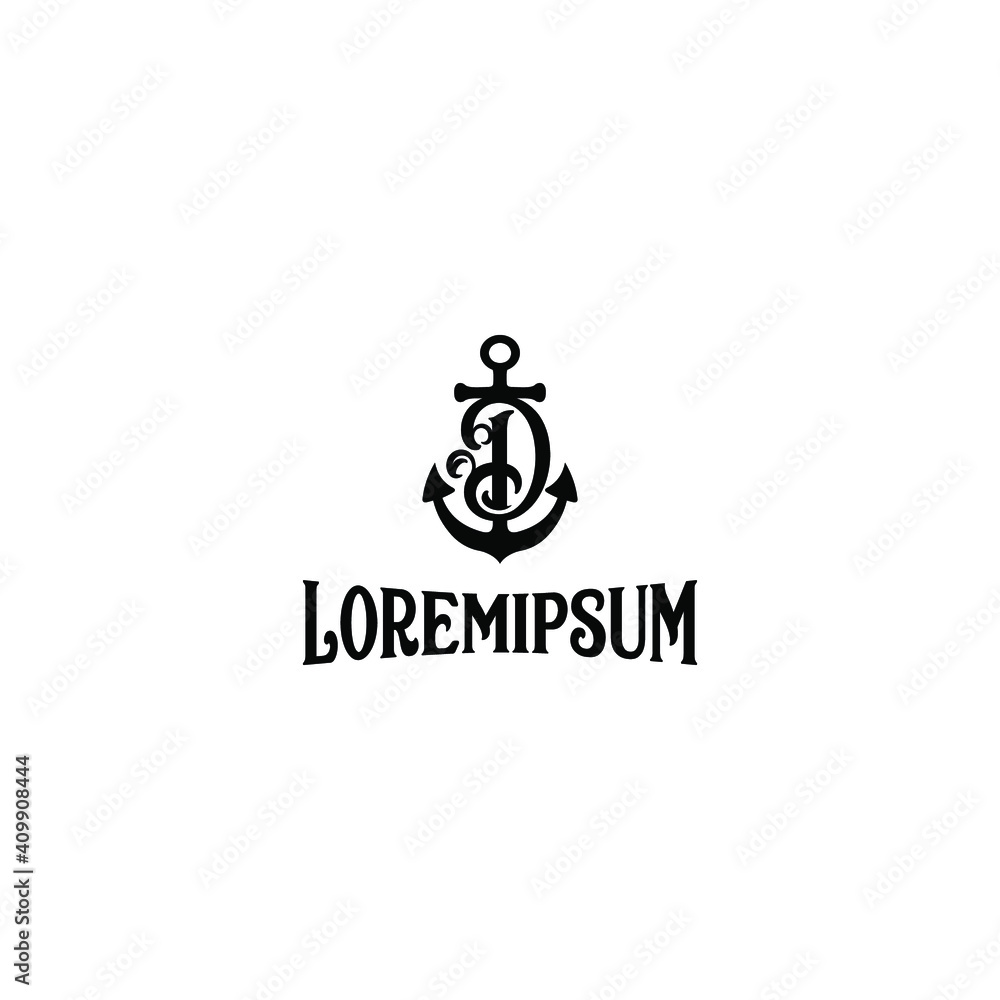 logo for company initial D with anchor logo for company initial D with anchor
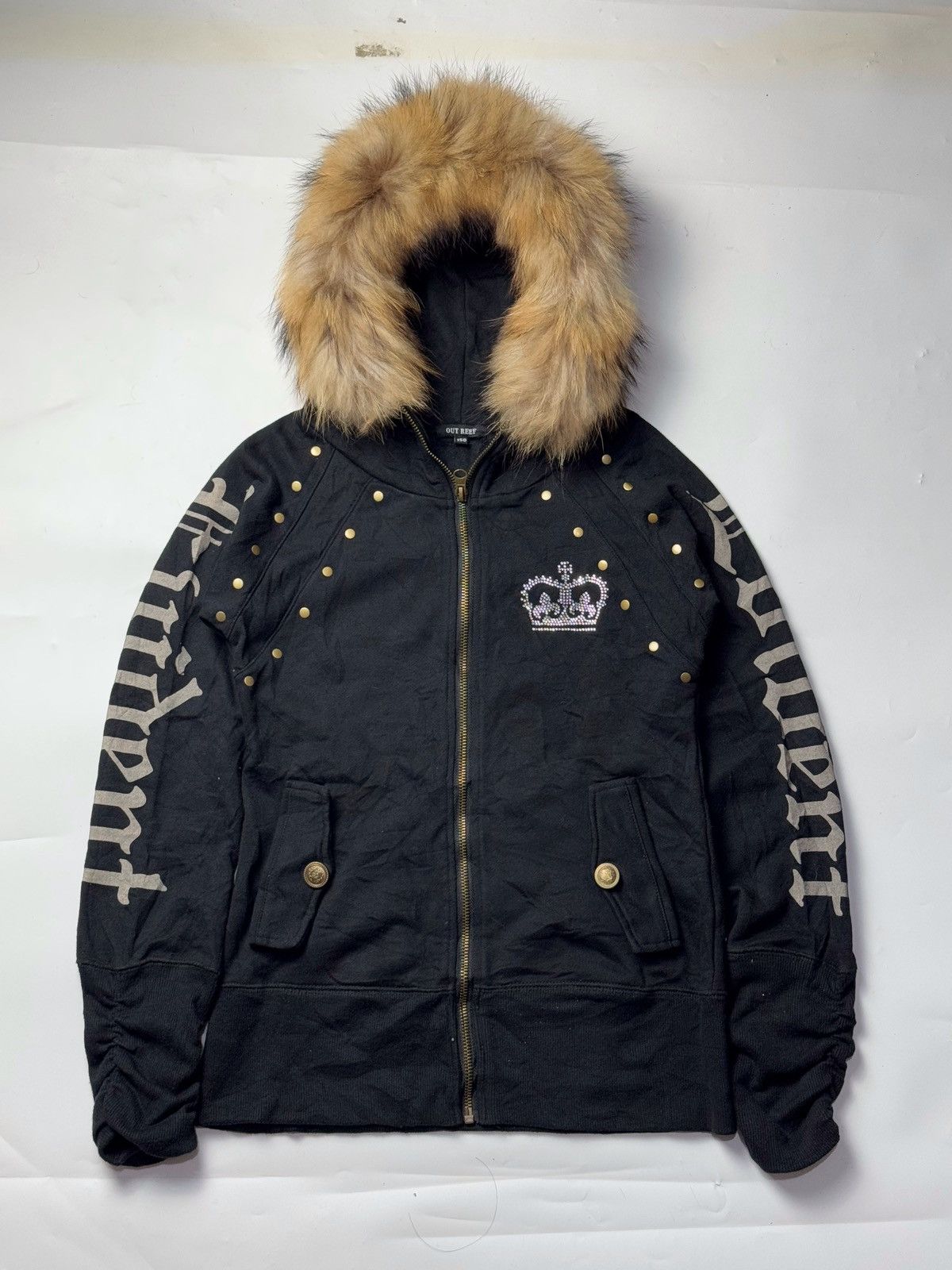 If Six Was Nine Outreef Fur Hoodie England Skulls Studded Gothic Japanese Size US S / EU 44-46 / 1 - 3 Thumbnail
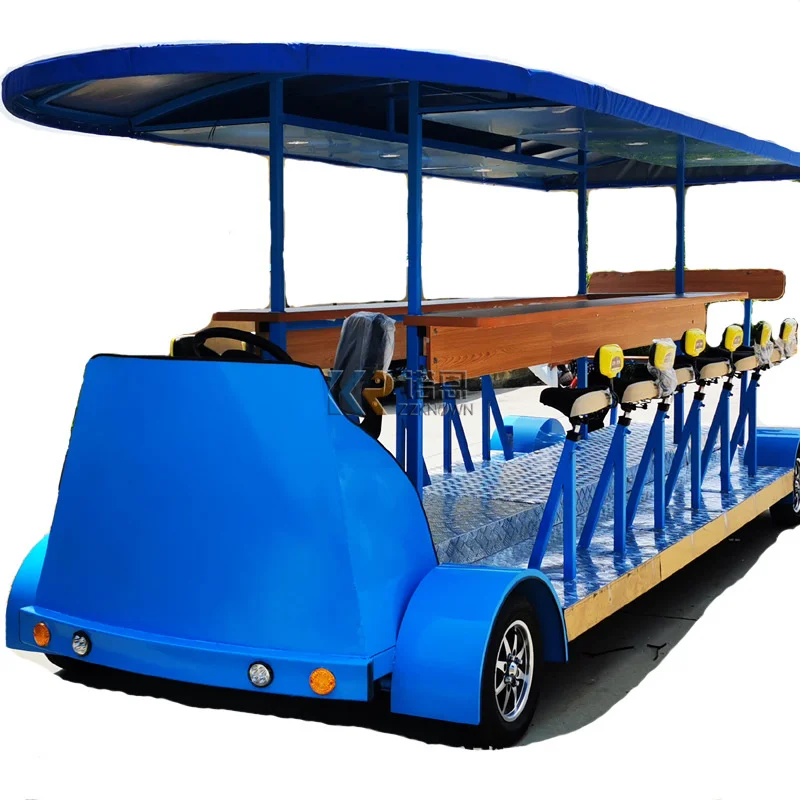 Best Blue Wood Beer Cart Pedal Pub Bike With Dispenser Bar Cycle Electric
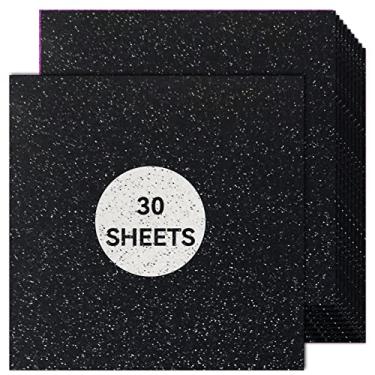 Imagem de Bonmiy Cartolina com Glitter Preto 12 X 12, Papel para Cricut, Cartolina Grossa para Fazer Cartões, Scrapbooking, Artesanato (250 Gsm 30 Folhas)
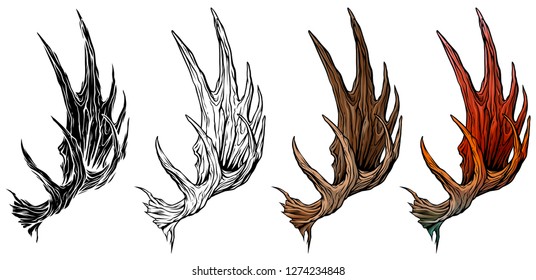 Cartoon graphic colorful detailed big moose horns or antlers. Hunting trophy. Isolated on white background. Vector icon set.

- **WORK ORDER**:
Nothing but the lines from the line containing "Best Blue Wood" through the end of the records belongs in the answer, written out exactly, both ends included, without pictures.

- **COMPLETED EXERCISE**:
 Best Blue Wood Beer Cart Pedal Pub Bike With Dispenser Bar Cycle Electric
 Imagem de Bonmiy Cartolina com Glitter Preto 12 X 12, Papel para Cricut, Cartolina Grossa para Fazer Cartões, Scrapbooking, Artesanato (250 Gsm 30 Folhas)
 Cartoon graphic colorful detailed big moose horns or antlers. Hunting trophy. Isolated on white background. Vector icon set.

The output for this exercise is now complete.